• Work order: Write the records out exactly as they read, but not the pictures.

• Data provided:
BEGIN
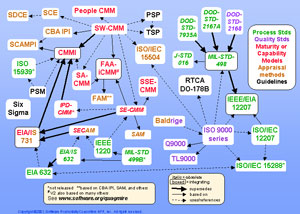 Click para agrandar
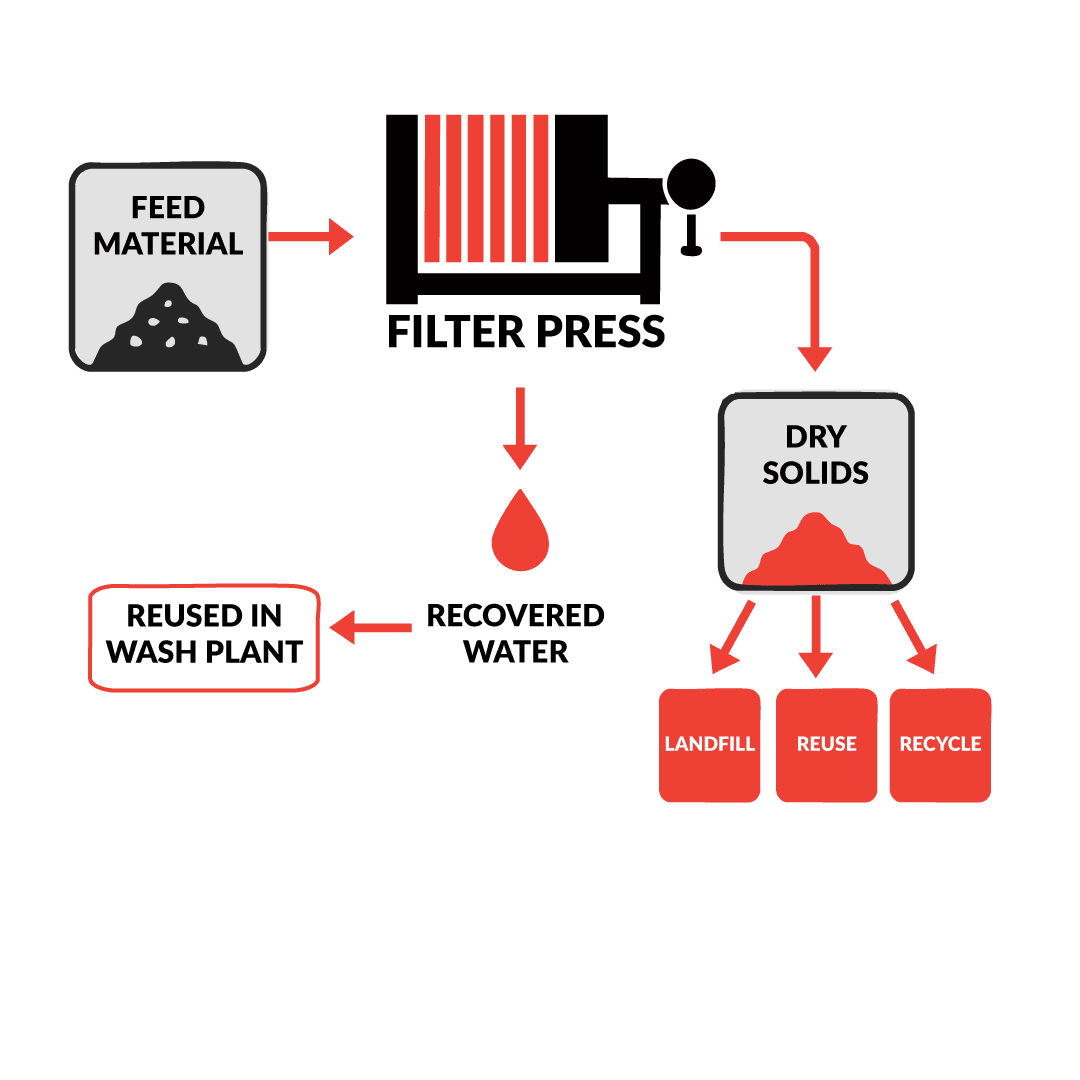 FILTER-PRESS-FLOW-CHART filter-press-flow-chart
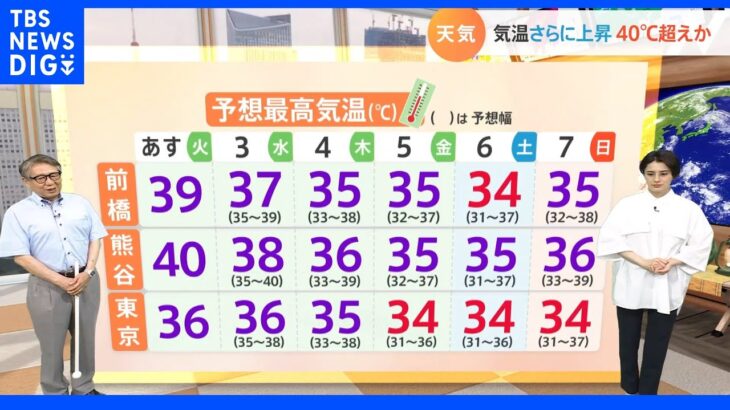 【8月2日 関東の天気】気温さらに上昇 40℃越えか｜TBS NEWS DIG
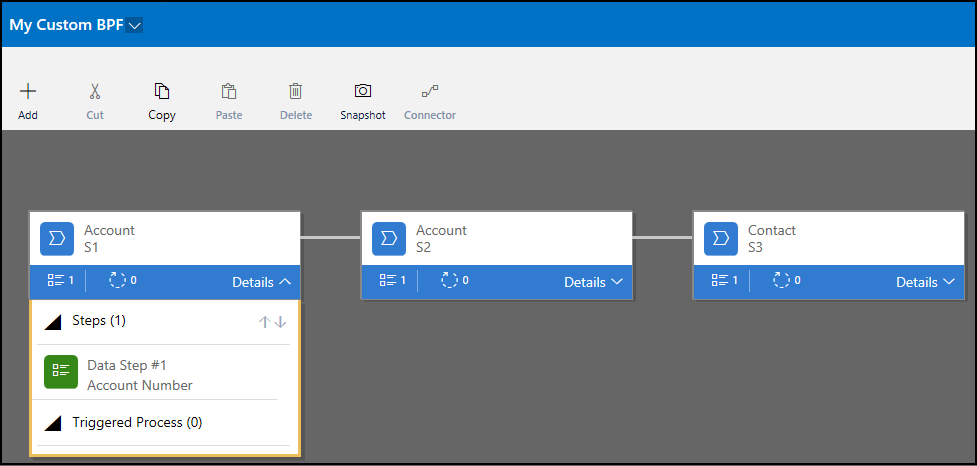 Custom business process flow.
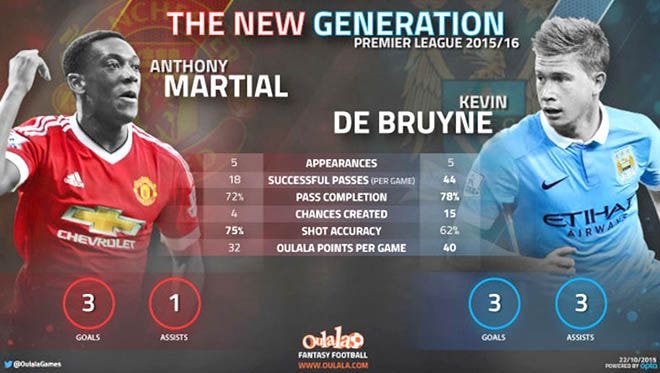 Martial và Kevin de Bruyne, những gia vị mới ở derby Manchester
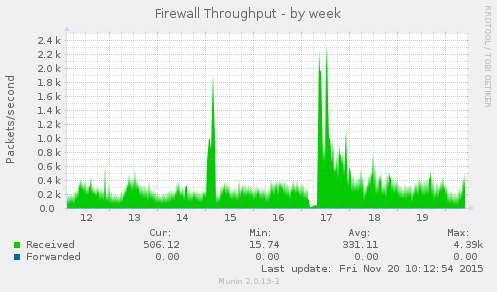 Firewall Throughput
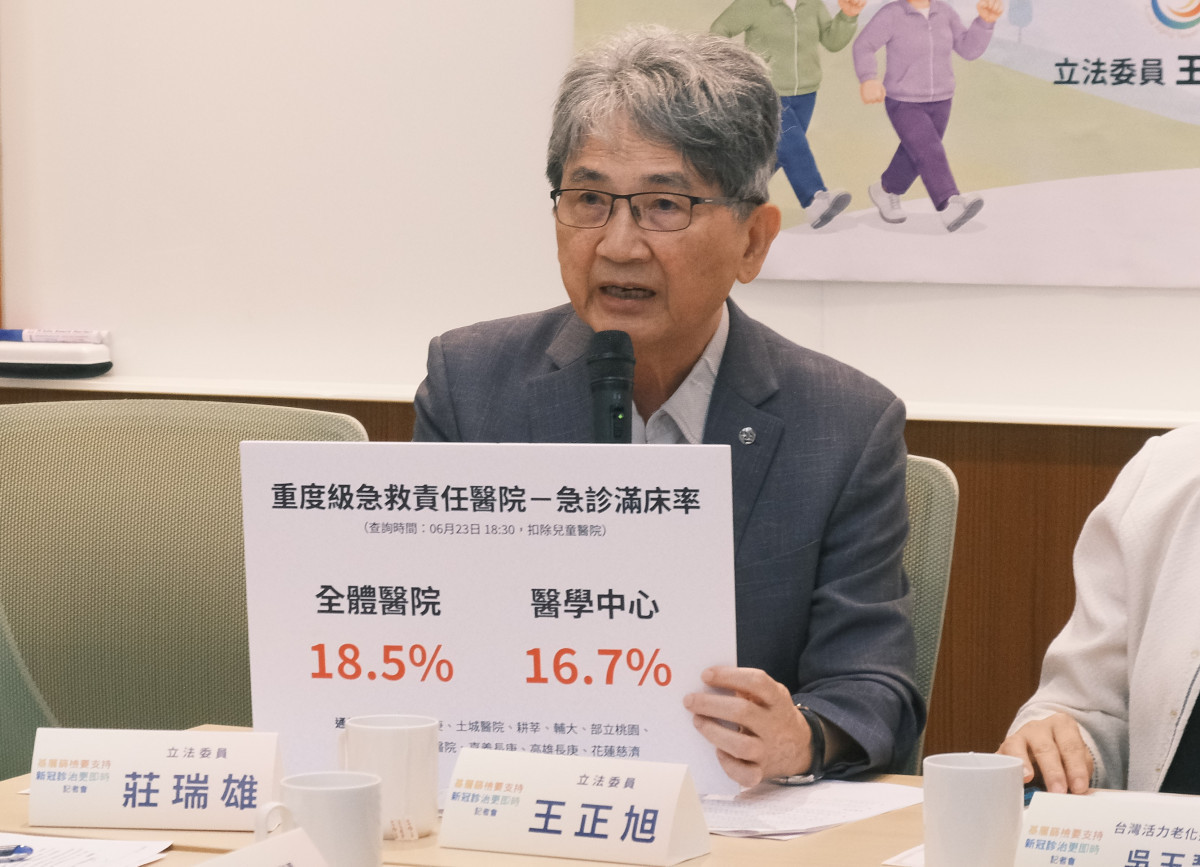 王正旭委員建議,落實防疫分級醫療,減緩醫院急診與住院壅塞之情形。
END
• Written response:
 Click para agrandar
 FILTER-PRESS-FLOW-CHART filter-press-flow-chart
 【8月2日 関東の天気】気温さらに上昇 40℃越えか｜TBS NEWS DIG
 Custom business process flow.
 Martial và Kevin de Bruyne, những gia vị mới ở derby Manchester
 Firewall Throughput
 王正旭委員建議,落實防疫分級醫療,減緩醫院急診與住院壅塞之情形。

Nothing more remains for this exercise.